No, we just don't believe it buys respect for people who don't deserve it.  I
bet you are in management, aren't you?	And I bet you really couldn't wait to
get away from coding.  Right?

>} Section 2: Productivity.
>}
>} 2.0:	My hacker plays video games on company time.
>}
>} A:	Hackers, writers, and painters all need some amount of time to
>}	spend "percolating" - doing something else to let their
>}	subconscious work on a problem.  Your hacker is probably
>}	stuck on something difficult.  Don't worry about it.
>
>Translation: hackers refuse to be reasonably managed and refuse to
>consider themselves professionals.	Rather, [again] just misunderstood
>artists forced to tolerate this ugly workaday world in deference to
>rent and food.

In another words, we are creative people, who don't fit some suit's
pigeonhole.  In another words, we sometimes need to take a break, and let
our subconscious work.	If you cannot relate to this, it just confirms my
theory.  You may have been a programmer, but you hated it, and have since
moved to management.


>} 2.1:	But it's been two weeks since I saw anything!
>}
>} A:	Your hacker is working, alone probably, on a big project,
and just
>}	started, right?  She's probably trying to figure it all out in
>}	advance.  Ask her how it's going; if she starts a lot of sentances,
>}	but interrupts them all with "no, wait..." or "drat,
that won't
>}	work", it's going well.
>
>Right, and as the deadline approaches and your customer starts threatening
>penalties for the deliverable not being ready on time, you can only
>pray that your unmanageable, uncommunicative hacker is:
>  a) actually working on the problem you need solved,

Most likely.

>  b) is actually nearing some sort of closure

Probably more so than you realize.  And may well make it if you don't do
something stupid, like adding more programmers.

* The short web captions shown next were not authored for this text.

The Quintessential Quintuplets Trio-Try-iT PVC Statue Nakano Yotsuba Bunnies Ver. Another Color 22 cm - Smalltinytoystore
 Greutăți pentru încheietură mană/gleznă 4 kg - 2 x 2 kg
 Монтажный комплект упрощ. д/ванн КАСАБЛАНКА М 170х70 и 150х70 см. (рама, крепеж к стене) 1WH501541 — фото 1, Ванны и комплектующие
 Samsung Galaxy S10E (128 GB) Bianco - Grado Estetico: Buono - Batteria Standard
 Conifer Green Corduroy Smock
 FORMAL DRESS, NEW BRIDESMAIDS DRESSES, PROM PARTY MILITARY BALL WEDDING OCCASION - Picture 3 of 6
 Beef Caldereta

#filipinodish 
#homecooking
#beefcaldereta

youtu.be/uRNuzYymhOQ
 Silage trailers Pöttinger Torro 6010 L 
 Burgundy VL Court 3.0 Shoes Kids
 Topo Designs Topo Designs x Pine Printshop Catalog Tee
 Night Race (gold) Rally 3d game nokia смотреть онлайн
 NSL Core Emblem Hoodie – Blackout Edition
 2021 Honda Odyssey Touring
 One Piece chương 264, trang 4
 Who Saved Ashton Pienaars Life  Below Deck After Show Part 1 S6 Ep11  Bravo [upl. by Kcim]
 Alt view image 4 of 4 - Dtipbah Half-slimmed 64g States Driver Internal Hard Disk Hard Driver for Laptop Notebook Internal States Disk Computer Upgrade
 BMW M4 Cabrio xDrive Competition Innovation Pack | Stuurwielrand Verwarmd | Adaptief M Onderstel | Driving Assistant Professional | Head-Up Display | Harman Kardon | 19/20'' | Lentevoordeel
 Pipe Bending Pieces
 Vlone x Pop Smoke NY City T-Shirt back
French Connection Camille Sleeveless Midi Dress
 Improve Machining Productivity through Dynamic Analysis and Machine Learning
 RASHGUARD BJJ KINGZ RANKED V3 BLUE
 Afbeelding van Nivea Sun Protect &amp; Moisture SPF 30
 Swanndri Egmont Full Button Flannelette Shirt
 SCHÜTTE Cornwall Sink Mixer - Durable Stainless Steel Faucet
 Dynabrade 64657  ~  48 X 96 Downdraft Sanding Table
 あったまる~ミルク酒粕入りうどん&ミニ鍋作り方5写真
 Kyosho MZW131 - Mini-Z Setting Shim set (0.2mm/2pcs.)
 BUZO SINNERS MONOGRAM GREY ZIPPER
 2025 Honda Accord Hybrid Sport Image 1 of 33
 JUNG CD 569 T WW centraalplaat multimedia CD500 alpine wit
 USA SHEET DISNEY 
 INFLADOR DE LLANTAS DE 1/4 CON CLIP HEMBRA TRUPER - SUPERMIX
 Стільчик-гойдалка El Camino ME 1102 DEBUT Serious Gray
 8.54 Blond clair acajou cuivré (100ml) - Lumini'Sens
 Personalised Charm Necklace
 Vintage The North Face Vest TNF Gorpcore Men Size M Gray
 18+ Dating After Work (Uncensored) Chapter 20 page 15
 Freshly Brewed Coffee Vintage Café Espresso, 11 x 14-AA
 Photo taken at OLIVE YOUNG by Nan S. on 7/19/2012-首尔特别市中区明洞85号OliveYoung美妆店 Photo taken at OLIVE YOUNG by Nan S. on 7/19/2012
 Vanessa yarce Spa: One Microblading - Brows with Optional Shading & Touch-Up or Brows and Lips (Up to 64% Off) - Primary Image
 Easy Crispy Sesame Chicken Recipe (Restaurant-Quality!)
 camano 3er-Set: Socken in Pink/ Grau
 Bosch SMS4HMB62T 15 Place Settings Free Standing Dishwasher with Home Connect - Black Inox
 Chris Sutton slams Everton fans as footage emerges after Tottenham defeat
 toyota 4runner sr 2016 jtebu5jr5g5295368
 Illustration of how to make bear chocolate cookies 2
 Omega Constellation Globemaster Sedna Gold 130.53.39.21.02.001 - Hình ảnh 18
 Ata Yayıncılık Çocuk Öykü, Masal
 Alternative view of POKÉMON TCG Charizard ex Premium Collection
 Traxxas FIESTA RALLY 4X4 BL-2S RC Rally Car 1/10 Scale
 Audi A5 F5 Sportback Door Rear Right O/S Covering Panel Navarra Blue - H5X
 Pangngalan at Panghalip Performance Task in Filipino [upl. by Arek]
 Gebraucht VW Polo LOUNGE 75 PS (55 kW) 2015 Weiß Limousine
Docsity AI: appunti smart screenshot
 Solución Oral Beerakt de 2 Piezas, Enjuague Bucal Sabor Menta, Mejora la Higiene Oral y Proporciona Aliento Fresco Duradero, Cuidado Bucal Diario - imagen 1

>  c) has any prayer of getting it done ever, much less on time.

Again, do you have the good sense to let them?

>  d) gives any shit at all about your business and the interests of your
>	 company and your client, rather than assumes that you pay their
>	 salary out of awe of their talent and prowess and so view anything
>	 they deign to actually *DO* as being gravy.

Actually, like was said earlier, such an attitude indicates that you look
down on your programmers.  Is this REALLY reasonable?  Yes, YOU pay THEIR
salaries.  Why?  Becuase you, quite frankly, are too untalented to do their
jobs.  You want a very one-sided relationship.	You want them to see you as
the salary, but don't really need them.  You take the view of the man who
just about destroyed Atari.  He had worked in textiles, and said of the
programmers, "Damn it, they are just towel designers!"  He had
the mistaken
view that ANYONE can program given sufficient training.
>
>} 2.2:	Isn't this damaging to productivity?
>}
>} A:	No.  Your hacker needs to recreate and think about things in
>}	many ways.  He will be more productive with this recreation than
>}	without it.  Your hacker enjoys working; don't worry about things
>}	getting done reasonably well and quickly.
>
>The problem here is the definition of "working".	Hackers don't
>enjoy "working", they enjoy doing whatever suits their fancy
at the
>moment.  If that's redoing the file manager because compiles are
>going too slow, rather than working on the actualy project at
>hand... well tough [and even more fun: you won't even have a way to
>*KNOW* that your precious hacker is off in the weeds, since
>documentation, schedules, plans, reviews, etc, are all the sops of
>the drones, not the stuff to waste the time of the _real_ wizard].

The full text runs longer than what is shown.